> [DESCRIPTION OF THE TASK] Beginning with the line in which "Amethyst and Roze Quartz flower earrings" appears, transcribe each line word for word until the records end. Do not include pictures.

───── RECORD SET ─────

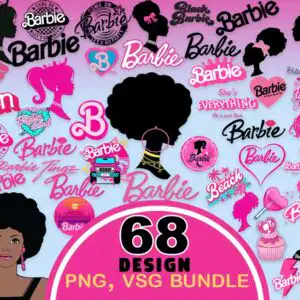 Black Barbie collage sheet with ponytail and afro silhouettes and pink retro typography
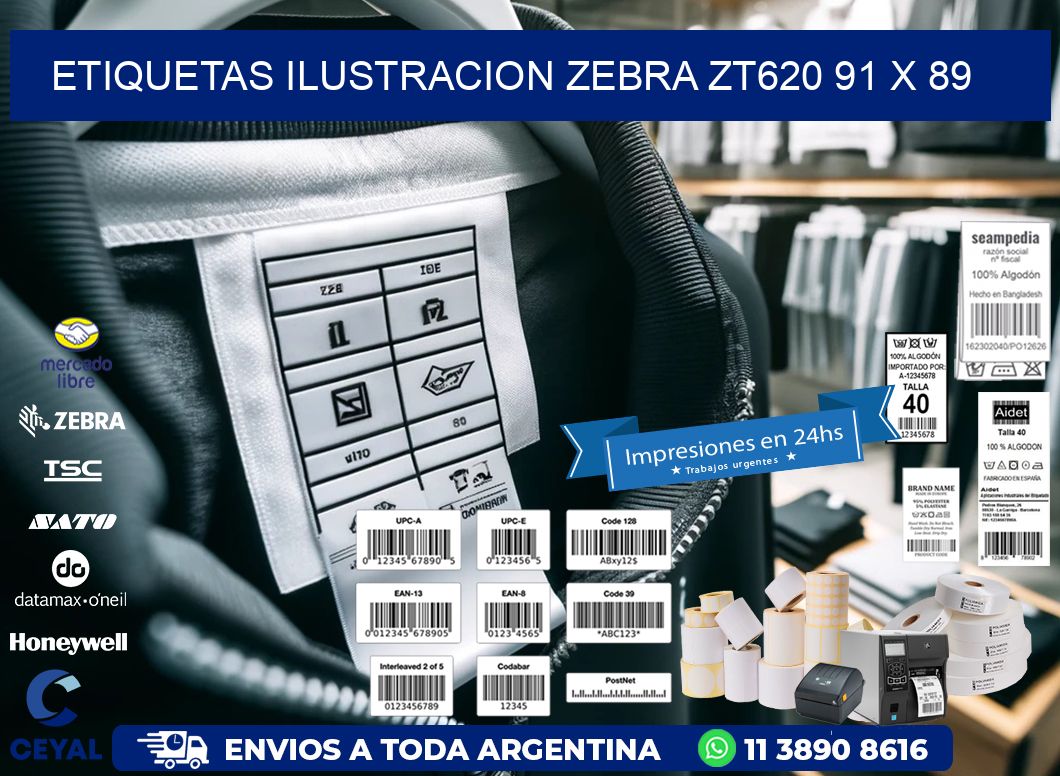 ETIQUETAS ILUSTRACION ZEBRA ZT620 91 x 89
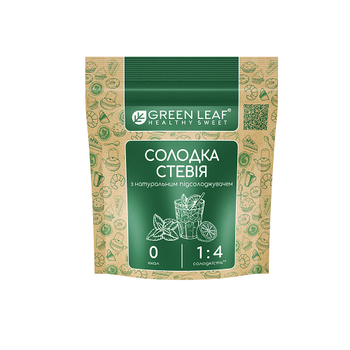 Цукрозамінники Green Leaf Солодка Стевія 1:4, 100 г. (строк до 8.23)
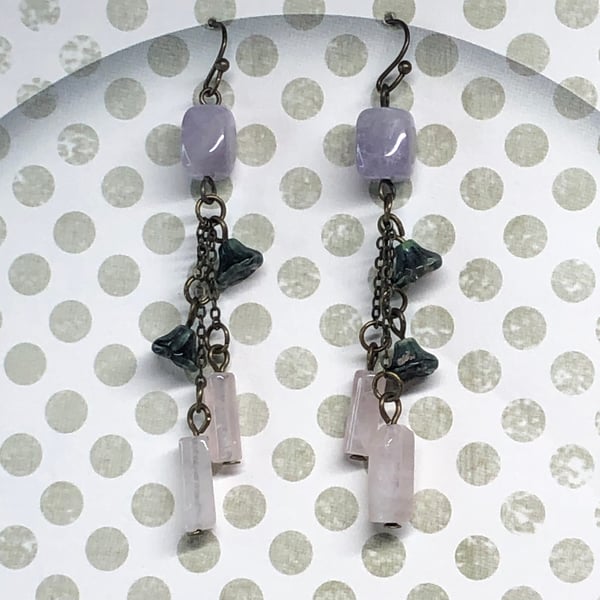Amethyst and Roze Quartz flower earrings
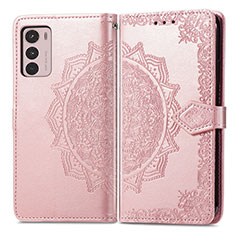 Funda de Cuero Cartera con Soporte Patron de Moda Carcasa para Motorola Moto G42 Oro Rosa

─────

> [OUTPUT]
Amethyst and Roze Quartz flower earrings
 Funda de Cuero Cartera con Soporte Patron de Moda Carcasa para Motorola Moto G42 Oro Rosa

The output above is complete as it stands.